Partant d’une réflexion sur la notion de nature, il met en parallèle l’acception de la Nature comme extériorité et comme réalité fertile, et la notion de nature humaine, de nature individuelle. Au-delà des symboliques classiques et évidentes de vanité de l’existence ou de fuite du temps, il traduit le rapport intime de l’homme à son cerveau, compris comme siège de contrôle, de créativité et d’intelligence. Il place ses sculptures sur un piedestal, puis un socle. Les cerveaux sont ainsi ornementés d’éléments issus de la flore et de la faune, qui matérialisent, la vie, la créativité, la survivance de l’esprit. Les feuilles, fleurs et insectes bourgeonnent en surmontant avec esthétisme le cerveau brut. Ils remplacent les animaux placés sur les sépultures royales (lions, chiens etc…) qui indiquent la résurrection. Ils sont aussi présents sur les gisants, placés au cœur des pièces de la galerie. Le travail de la matière est saisissant, le rendu du drapé magnifique. L’artiste a en effet travaillé pendant plus de deux ans avec deux marbriers des Studi d’Arte Cave Michelangelo, un atelier qui conserve la mémoire de la maîtrise des techniques traditionnelle de la sculpture du marbre blanc.

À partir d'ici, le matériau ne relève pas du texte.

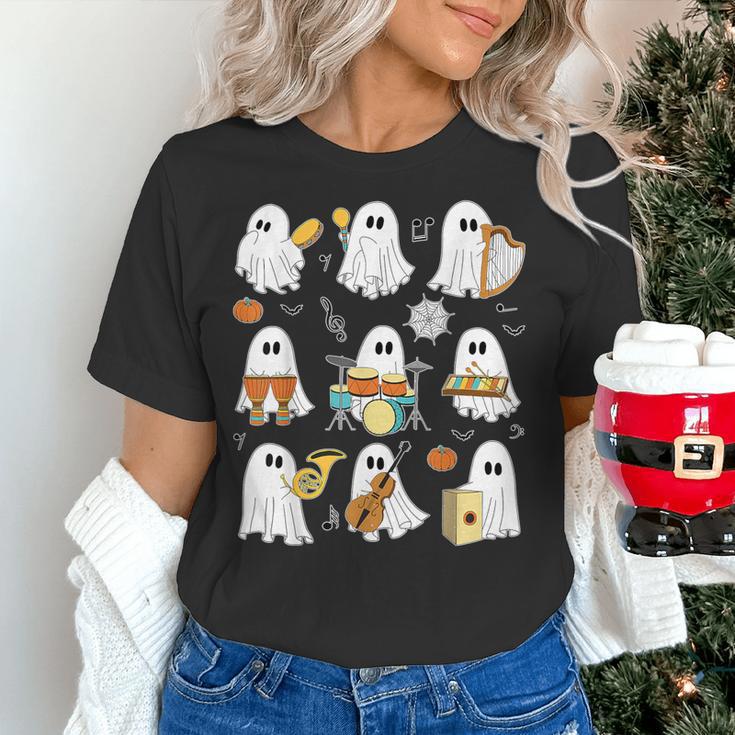 Halloween Ghost Music Teacher Playing Instruments Women's T-Shirt, gift for family, gift for coworker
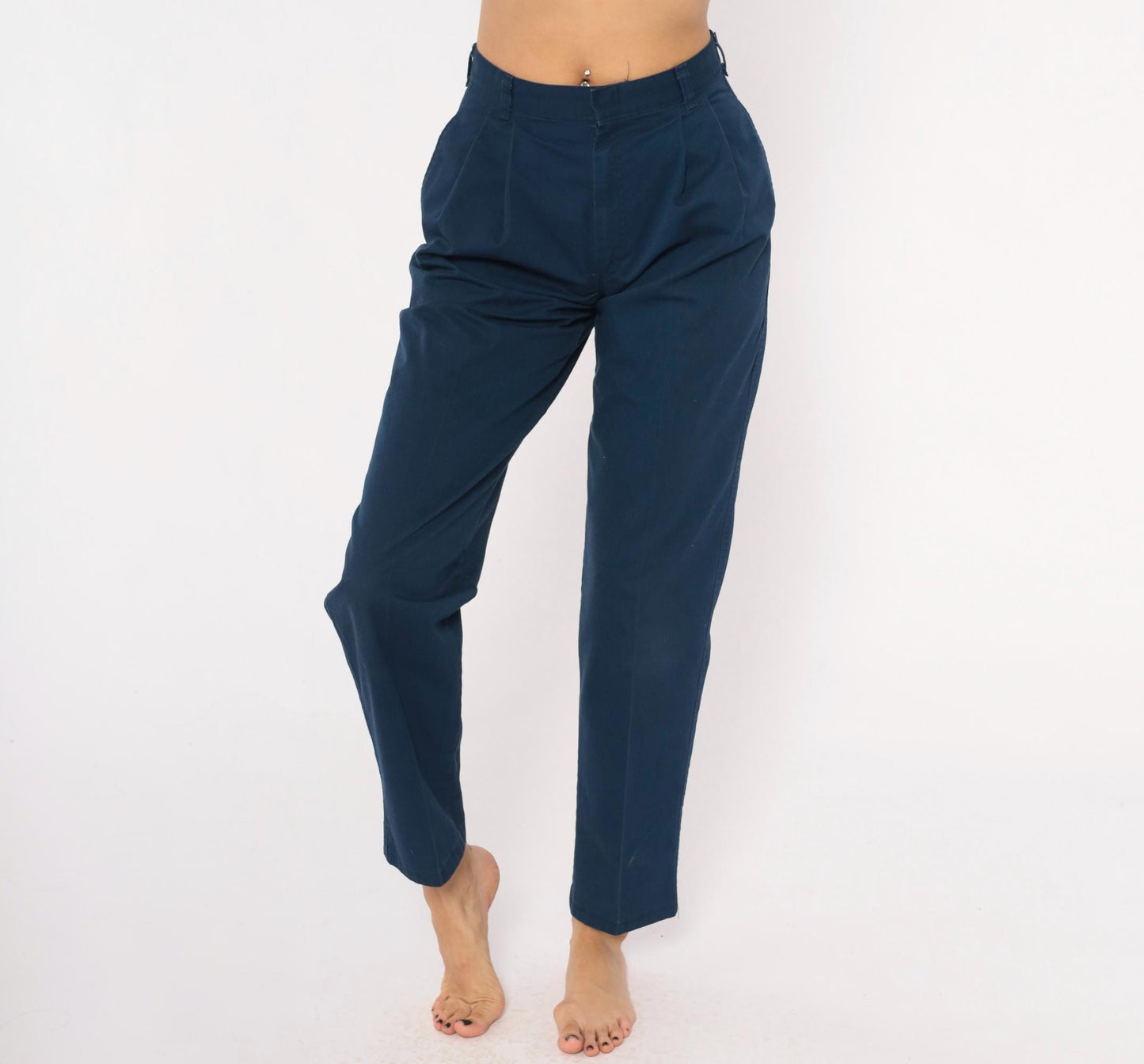80s Mark Twain Navy Pleated Trousers High Waist Tapered Ankle Length Small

Un recueillement et une vision qui valent le coup d’œil.

Gisants
Jan Fabre
A la galerie Daniel Templon
30 rue Beaubourg
75003 Paris

Le jardin Anne Frank

Au sortir de la galerie, poursuivez dans la rue Beaubourg, sur le trottoir de gauche, jusqu’à apercevoir l’entrée de l’Impasse Berthaud. Cette voie sans issue, n’est pas aussi courte qu’elle le laisse paraître. En effet, en arrivant au bout, vous vous apercevez que le chemin continue sur la gauche, laissant entrevoir le Musée de la Poupée et l’entrée du jardin Anne Frank qui offre un peu de calme et la possibilité de s’abstraire de l’animation de la rue de Rivoli, et du Centre Pompidou tous proches.  On y trouve le greffon du marronnier que l’écrivain admirait de sa fenêtre, et l’ancien jardin de l’Hôtel de Saint-Aignan (17ème siècle), aujourd’hui Musée d’Art et d’Histoire du Judaïsme.

La rue du Temple, le Centre du Marais

Pour terminer, vous pouvez prendre tout de suite à gauche dans la rue Rambuteau, puis à droite dans la rue du Temple. Continuez jusqu’au 41, emplacement du Centre de danse du Marais et du Café de la Gare, pour profiter de l’ambiance animée des lieux, entrevoir les cours de danse, et pour terminer votre balade en vous désaltérant au restaurant The Studio, dont l’ambiance intérieure vous dépayse et en été la terrasse vous permet de profiter du charme de la cour pavée.

Vous êtes ensuite proches des stations de métro : Rambuteau, Hôtel de Ville ou même en marchant un peu plus Châtelet-les-Halles.